実録東京生活

この世界を楽しく生きていくために。

人間に寿命がある世界で生きていきたい

 「寿命ですか?」とご家族に聞かれて、「寿命ですね」とお答えした。この仕事を10年やって、初めて。

 人工知能(AI)だったら、誤嚥性肺炎とか、慢性心不全急性増悪とでも診断するだろうか。まさか、100歳を超えたら寿命とするなんて、単純な計算式は搭載しないだろう。

 決してAI批判ではない。膨大な知識の蓄積や、複雑かつ高速の情報処理に関しては、ぜひお手伝い頂きたいと思う。その結果のアウトプットが正しいのか間違っているのかを、チェックする能力は持っていないといけないけれども。

 そして、医者は別のことをしなければいけない。

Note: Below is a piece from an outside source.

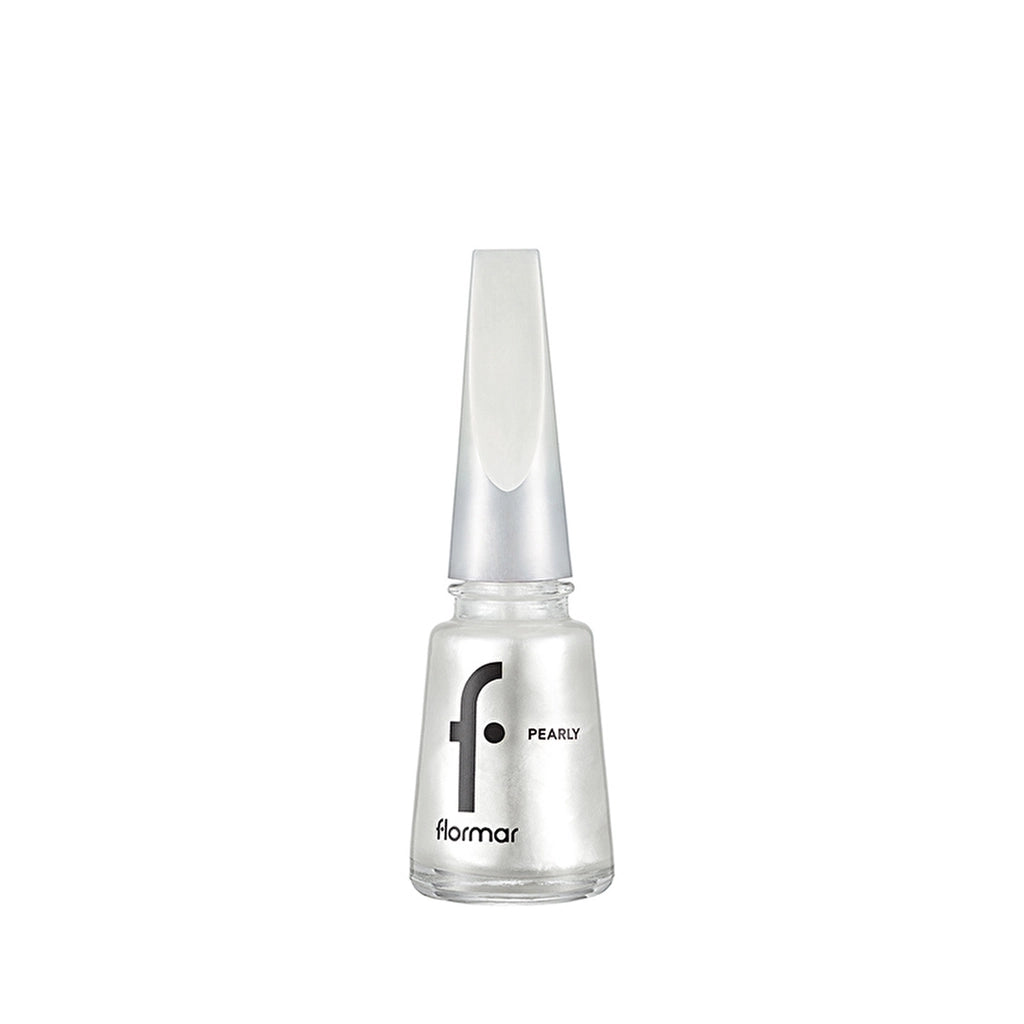 Flormar Pearly Intense Pigmented and Pearl Reflection Nail Polish 201 Luxury White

それは何だろう? 患者家族といっしょに迷ったり、言葉で明確に表されない雰囲気を感じ取ったり、喜んだり悲しんだりを共にすることだろうか。

 心よりご冥福をお祈り申し上げながら、ご本人ご家族、そして在宅医療の環境に出会えたことに感謝している。臨時往診に伺った時、もう血圧が測れないくらい低かったのに、そのことに誰にも気づかれていないくらい安らかだった患者さんを、その人生を、尊敬する。いつも通り、ご自分たちの食事と、患者さん用の柔らかい食事を用意している最中だった、暖かい台所そのものみたいなご家族を、改めて大好きだと思った。